## Source material:

'''

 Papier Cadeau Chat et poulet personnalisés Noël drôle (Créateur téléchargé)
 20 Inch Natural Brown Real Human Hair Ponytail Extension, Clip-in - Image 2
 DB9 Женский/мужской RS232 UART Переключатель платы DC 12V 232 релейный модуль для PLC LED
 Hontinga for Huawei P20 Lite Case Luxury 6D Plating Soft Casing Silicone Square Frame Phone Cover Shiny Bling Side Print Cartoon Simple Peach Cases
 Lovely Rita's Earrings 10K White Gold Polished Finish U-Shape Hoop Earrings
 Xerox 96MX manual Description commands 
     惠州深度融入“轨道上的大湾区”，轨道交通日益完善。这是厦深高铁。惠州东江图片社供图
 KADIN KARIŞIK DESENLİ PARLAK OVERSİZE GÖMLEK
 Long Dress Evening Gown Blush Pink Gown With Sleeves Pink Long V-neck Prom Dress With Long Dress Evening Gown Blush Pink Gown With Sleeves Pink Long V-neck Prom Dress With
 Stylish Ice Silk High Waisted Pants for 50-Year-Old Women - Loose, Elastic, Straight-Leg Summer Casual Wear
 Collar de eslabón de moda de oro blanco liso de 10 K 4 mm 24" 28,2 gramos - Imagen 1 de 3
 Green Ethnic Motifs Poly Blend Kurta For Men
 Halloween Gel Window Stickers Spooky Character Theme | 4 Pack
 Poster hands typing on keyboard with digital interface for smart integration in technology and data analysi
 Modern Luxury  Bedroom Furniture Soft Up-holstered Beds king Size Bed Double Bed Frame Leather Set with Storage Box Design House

'''

From the data above, copy out every line with the string "Luxury" in it.

 Hontinga for Huawei P20 Lite Case Luxury 6D Plating Soft Casing Silicone Square Frame Phone Cover Shiny Bling Side Print Cartoon Simple Peach Cases
 Modern Luxury  Bedroom Furniture Soft Up-holstered Beds king Size Bed Double Bed Frame Leather Set with Storage Box Design House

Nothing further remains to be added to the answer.